Attack on Tories over income tax a mistake, say Lib Dems

David Cameron and Nick Clegg
Image caption David Cameron and Nick Clegg sat side-by-side during the chancellor's Autumn Statement

The Liberal Democrats have admitted making an error in sending out a press briefing criticising Tory tax policy.

The document, given out after Chancellor George Osborne's Autumn Statement, said the Conservatives only supported tax cuts "for the very rich".

But a source close to Lib Dem leader Nick Clegg said later that an "old" media briefing had been passed on to reporters by mistake.

The Conservatives "fully embraced tax cuts for low earners", they added.

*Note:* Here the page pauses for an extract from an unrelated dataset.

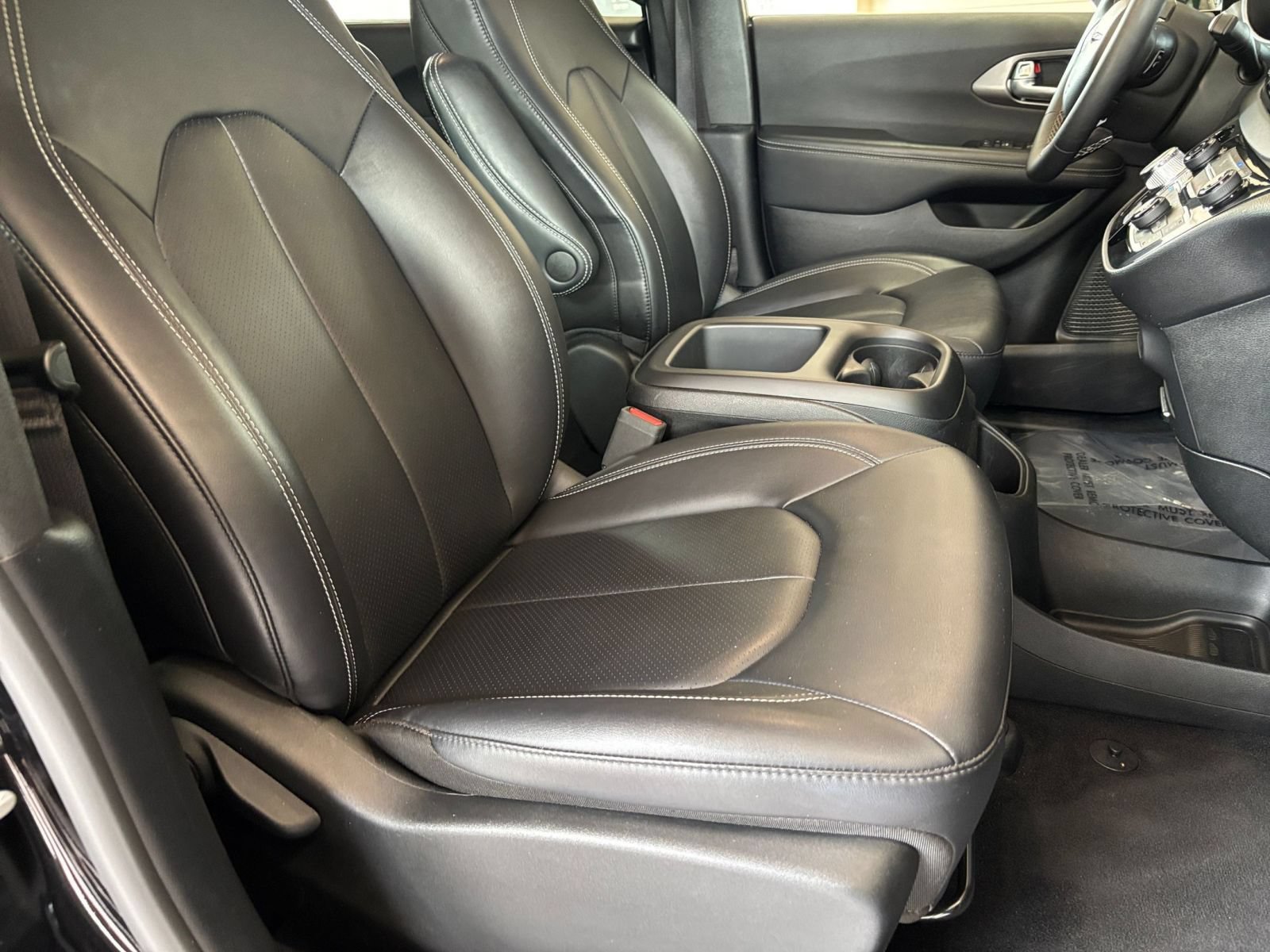 Used 2025 Chrysler Pacifica Select FWD image 37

In his Autumn Statement, Mr Osborne increased the salary threshold at which people start paying tax by another £235, to £9,440, increasing take-home pay for thousands of low-income households.

But a briefing sent out by the Lib Dems attempted to portray the issue as a battle of wills within the coalition.

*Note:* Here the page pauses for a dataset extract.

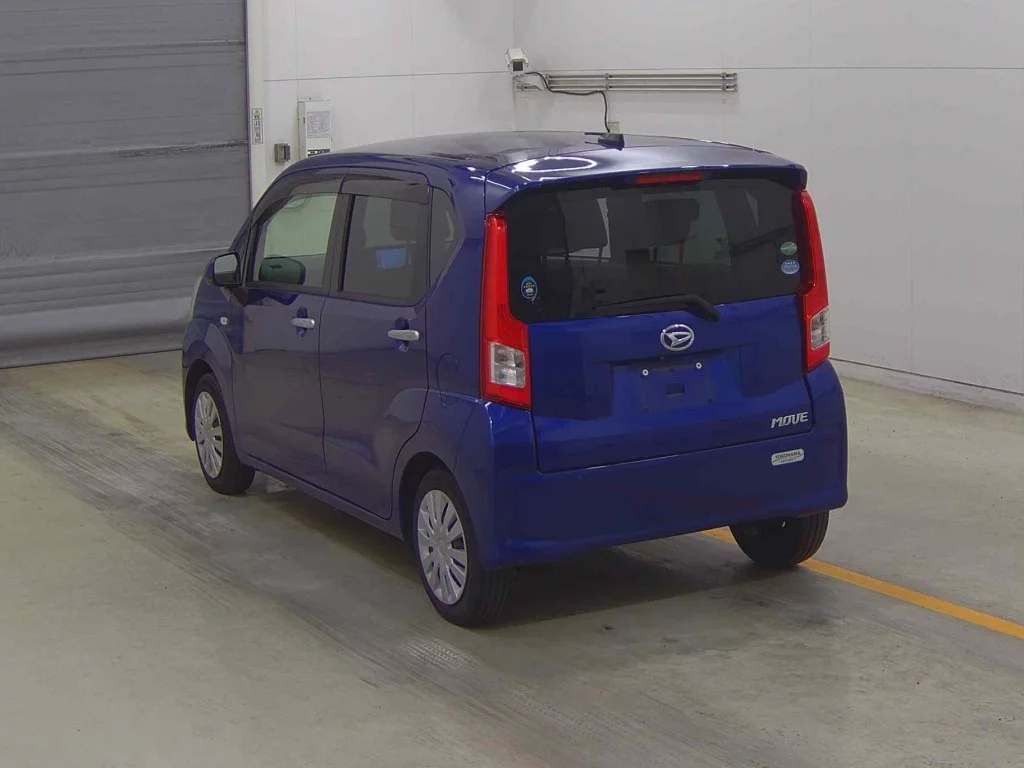 Daihatsu Move  с аукциона в Японии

It said: "Liberal Democrats are working for a stronger economy and a fairer society, so that everyone can get on in life.

"That's why we have pulled out the stops for normal working people, increasing the tax-free allowance further from April next year. That means Liberal Democrats will have cut your taxes by £600 a year.

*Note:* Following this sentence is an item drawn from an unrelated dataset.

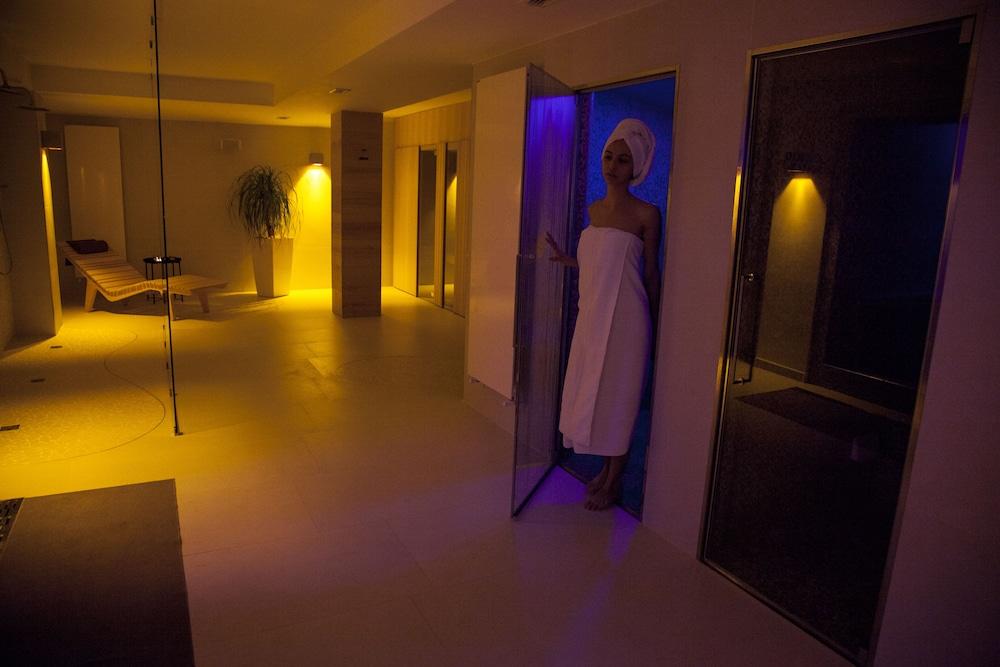 L' Araba Fenice Hotel & Resort Altavilla Silentina Exterior photo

"We know that times are tough. To make life a little easier we are cutting income tax and putting more money back in the pockets of struggling families."

The statement went on to criticise the Lib Dems' allies in government, saying: "The only tax cuts the Conservatives support are ones for the very rich. At the general election, their priority was to cut inheritance tax for millionaires.

"In the coalition, Liberal Democrats have blocked these plans and instead we are cutting taxes for millions."

However, a source close to Mr Clegg, the deputy prime minister, told the BBC: "This must be a line from an old briefing that ended up in there."

"The Tories have fully embraced tax cuts for lower earners," they added.

A senior Liberal Democrat source described the Autumn Statement as a "good package" of measures in which the coalition had made "tough but fair" decisions.

They said the rise in the income tax threshold would take 2.2 million people out of the tax system and mean a £600 tax cut for more than 20 million people.

The source added: "This is a our flagship policy, from page one in our manifesto, straight into people's pockets and we are incredibly proud of it."

The chancellor also decided not to bring in a 3p-a-litre rise in fuel duty scheduled for next January.

The Lib Dem source denied that this had been a specifically Conservative demand, adding: "It's a massive issue. Just ask Lib Dem MPs what dominates their mailbags and fuel is right up there."